■ **GOAL OF THE EXERCISE**
From top to bottom, print the listing word for word and skip any pictures it contains.

■ **RECORDED INFORMATION**
┏━━

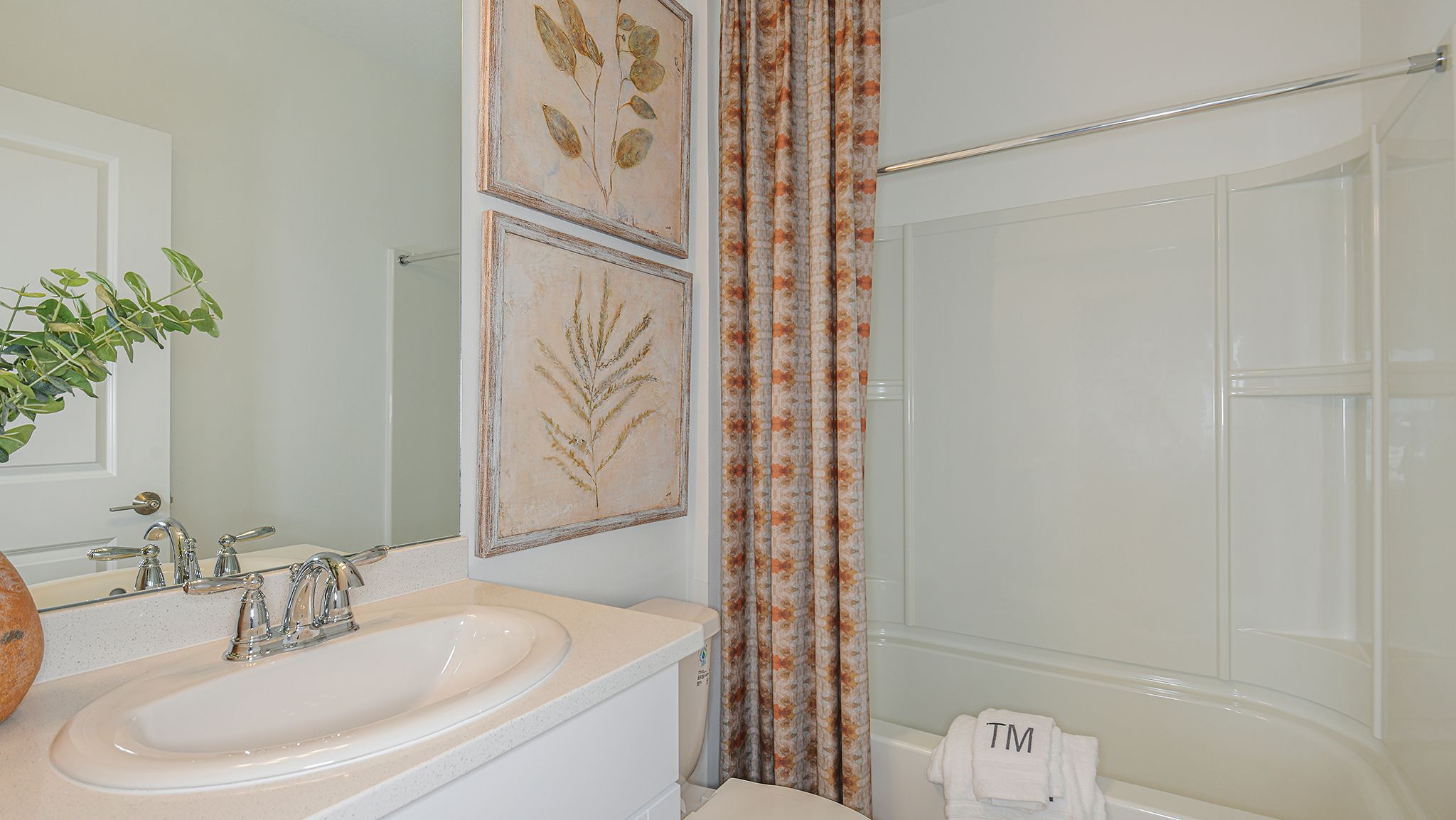 Brookland-Park-Seneca-0805-16x9-bathroom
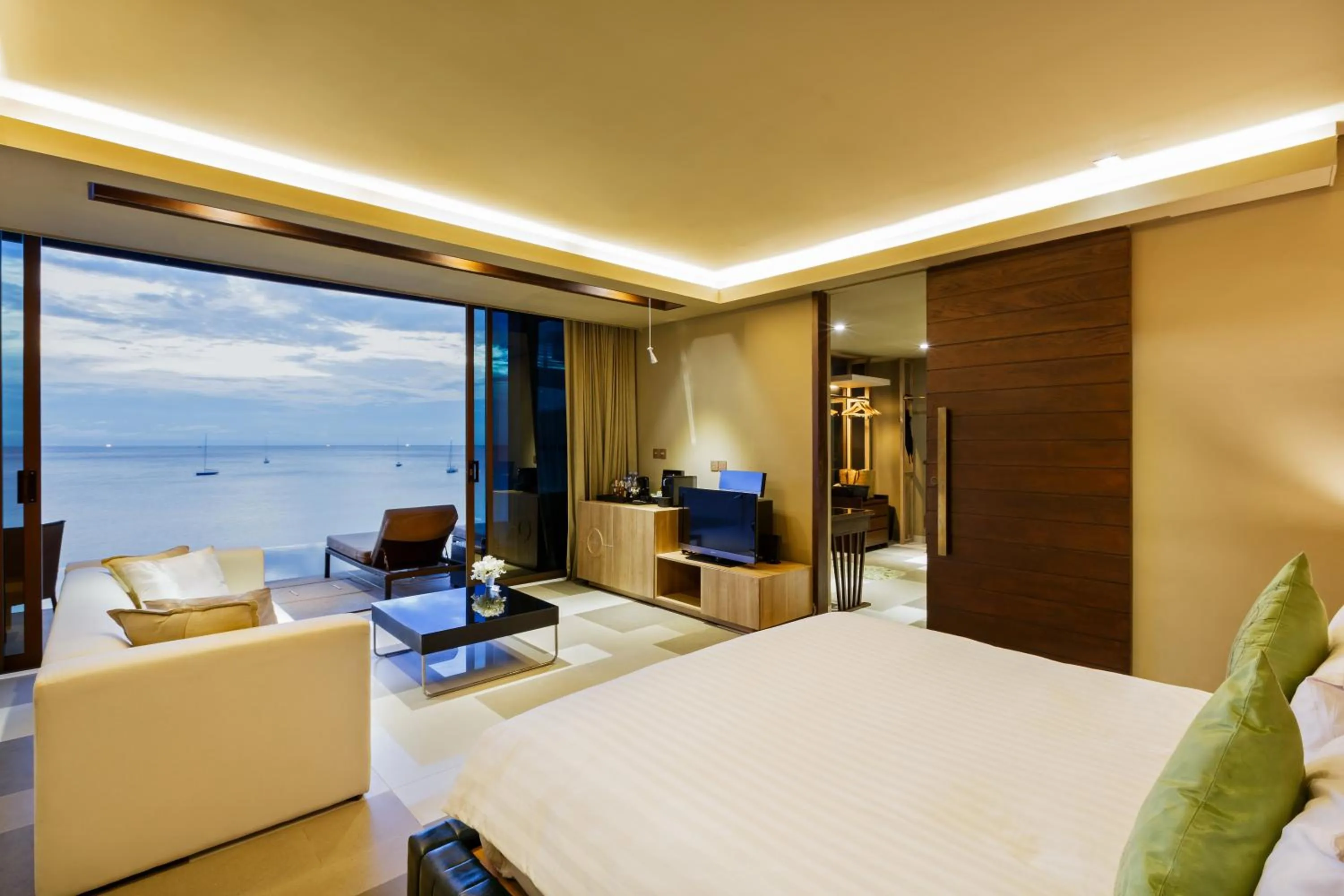 Bedroom, Bed in Impiana Private Villas Kata Noi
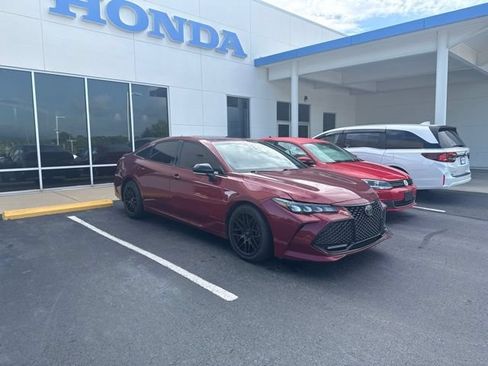 Used 2019 Toyota Avalon XSE FWD image 3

┗━━

■ **SOLUTION TO THE PROBLEM**
 Brookland-Park-Seneca-0805-16x9-bathroom
 Bedroom, Bed in Impiana Private Villas Kata Noi
 Used 2019 Toyota Avalon XSE FWD image 3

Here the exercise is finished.